Let N be an unsigned compilation integer.

GCC can optimize

 unsigned sum = 0; for(unsigned i=0; i<N; i++) sum += a; // a is an unsigned integer 

just a*N This can be understood since modular arithmetic says (a%k + b%k)%k = (a+b)%k .

However gcc will not optimize

 float sum = 0; for(unsigned i=0; i<N; i++) sum += a; // a is a float 

up to a*(float)N

But using associative math, for example, -Ofast I found that GCC can reduce this in order of log2(N) . For example, for N=8 he can make the sum in three additions.

 sum = a + a sum = sum + sum // (a + a) + (a + a) sum = sum + sum // ((a + a) + (a + a)) + ((a + a) + (a + a)) 

Although some point after N=16 GCC returns to the execution of the sums of N-1 .

My question is: why does GCC not make a*(float)N with -Ofast ?

Instead of O(N) or O(Log(N)) it could just be O(1) . Since N known at compile time, you can determine if N is suitable in the float. And even if N too large for the float, it can do sum =a*(float)(N & 0x0000ffff) + a*(float)(N & ffff0000) . In fact, I did a little test to check the accuracy, and a*(float)N more accurate anyway (see Code and results below).

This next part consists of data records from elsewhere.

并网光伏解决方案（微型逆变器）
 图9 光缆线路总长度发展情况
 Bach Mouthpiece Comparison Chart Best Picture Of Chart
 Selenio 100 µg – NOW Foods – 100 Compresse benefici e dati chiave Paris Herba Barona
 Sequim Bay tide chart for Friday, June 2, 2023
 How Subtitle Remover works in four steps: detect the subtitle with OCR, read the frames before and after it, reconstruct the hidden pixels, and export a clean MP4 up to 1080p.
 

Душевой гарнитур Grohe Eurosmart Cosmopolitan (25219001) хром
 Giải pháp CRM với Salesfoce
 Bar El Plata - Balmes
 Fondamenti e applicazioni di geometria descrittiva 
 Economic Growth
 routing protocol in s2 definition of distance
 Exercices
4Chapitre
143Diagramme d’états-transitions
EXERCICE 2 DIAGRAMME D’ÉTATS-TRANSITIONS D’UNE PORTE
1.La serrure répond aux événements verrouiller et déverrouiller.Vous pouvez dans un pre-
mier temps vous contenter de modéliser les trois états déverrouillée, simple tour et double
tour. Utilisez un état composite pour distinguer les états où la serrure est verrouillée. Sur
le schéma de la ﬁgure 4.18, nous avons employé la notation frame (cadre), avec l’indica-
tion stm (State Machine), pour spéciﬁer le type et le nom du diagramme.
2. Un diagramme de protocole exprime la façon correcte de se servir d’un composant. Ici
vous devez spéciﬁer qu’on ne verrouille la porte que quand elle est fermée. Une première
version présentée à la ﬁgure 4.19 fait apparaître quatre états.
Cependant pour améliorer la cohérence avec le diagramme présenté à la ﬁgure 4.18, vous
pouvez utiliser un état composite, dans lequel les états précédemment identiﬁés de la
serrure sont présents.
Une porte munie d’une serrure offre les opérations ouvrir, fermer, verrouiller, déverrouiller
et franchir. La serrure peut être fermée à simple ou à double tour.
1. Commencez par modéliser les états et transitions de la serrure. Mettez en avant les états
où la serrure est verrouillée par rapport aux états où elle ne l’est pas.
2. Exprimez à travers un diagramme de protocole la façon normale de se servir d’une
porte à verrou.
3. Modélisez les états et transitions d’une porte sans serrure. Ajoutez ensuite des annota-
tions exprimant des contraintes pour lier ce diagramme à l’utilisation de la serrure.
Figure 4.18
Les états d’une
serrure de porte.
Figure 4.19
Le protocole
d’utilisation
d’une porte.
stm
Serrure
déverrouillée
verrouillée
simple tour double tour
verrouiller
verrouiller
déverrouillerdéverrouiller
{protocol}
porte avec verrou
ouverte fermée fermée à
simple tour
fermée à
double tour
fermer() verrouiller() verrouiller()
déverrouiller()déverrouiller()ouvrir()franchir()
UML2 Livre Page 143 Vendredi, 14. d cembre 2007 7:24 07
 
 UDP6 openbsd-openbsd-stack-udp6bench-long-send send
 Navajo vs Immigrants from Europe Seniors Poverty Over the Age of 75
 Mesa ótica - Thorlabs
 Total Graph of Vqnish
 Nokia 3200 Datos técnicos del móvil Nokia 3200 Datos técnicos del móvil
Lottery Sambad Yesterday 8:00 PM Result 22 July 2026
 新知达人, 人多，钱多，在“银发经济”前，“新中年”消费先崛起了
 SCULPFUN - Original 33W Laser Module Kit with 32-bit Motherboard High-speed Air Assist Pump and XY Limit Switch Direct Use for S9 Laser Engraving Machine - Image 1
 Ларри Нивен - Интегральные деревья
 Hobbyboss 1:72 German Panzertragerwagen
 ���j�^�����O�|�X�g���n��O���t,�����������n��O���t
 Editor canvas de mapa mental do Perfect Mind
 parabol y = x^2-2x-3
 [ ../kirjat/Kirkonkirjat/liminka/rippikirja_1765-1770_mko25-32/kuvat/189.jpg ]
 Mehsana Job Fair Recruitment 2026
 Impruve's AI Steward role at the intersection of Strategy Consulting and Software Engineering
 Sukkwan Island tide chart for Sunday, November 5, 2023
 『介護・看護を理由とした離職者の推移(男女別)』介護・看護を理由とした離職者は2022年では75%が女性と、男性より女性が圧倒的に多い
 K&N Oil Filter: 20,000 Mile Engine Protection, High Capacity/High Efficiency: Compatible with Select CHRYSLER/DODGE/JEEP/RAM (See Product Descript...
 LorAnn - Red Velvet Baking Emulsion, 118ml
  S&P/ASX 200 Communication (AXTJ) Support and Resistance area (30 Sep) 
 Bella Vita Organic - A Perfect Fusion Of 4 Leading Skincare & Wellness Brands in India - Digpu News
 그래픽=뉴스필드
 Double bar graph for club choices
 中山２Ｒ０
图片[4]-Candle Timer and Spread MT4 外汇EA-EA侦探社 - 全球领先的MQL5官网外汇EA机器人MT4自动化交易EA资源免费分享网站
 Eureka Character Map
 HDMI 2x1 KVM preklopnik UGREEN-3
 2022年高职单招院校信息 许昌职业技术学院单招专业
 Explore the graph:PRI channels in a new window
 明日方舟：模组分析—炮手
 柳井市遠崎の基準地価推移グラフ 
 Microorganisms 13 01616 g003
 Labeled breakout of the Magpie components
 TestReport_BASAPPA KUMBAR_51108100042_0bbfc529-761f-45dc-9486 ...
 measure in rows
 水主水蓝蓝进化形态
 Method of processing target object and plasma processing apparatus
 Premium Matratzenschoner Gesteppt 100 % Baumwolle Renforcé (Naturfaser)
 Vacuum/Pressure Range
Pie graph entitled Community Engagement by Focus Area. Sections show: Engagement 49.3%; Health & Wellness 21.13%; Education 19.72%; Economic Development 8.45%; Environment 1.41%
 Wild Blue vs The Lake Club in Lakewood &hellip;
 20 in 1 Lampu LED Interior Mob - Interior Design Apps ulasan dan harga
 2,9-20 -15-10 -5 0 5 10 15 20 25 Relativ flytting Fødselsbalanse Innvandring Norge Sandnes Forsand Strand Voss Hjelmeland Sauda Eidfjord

 //gcc -O3 foo.c //don't use -Ofast or -ffast-math or -fassociative-math #include <stdio.h> float sumf(float a, int n) { float sum = 0; for(int i=0; i<n; i++) sum += a; return sum; } float sumf_kahan(float a, int n) { float sum = 0; float c = 0; for(int i=0; i<n; i++) { float y = a - c; float t = sum + y; c = (t -sum) - y; sum = t; } return sum; } float mulf(float a, int n) { return a*n; } int main(void) { int n = 1<<24; float a = 3.14159; float t1 = sumf(a,n); float t2 = sumf_kahan(a,n); float t3 = mulf(a,n); printf("%f %f %f\n",t1,t2,t3); } 

The result is 61848396.000000 52707136.000000 52707136.000000 , which shows that the Kahan multiplication and summation have the same result, which, I think, shows that the multiplication is more accurate than a simple sum.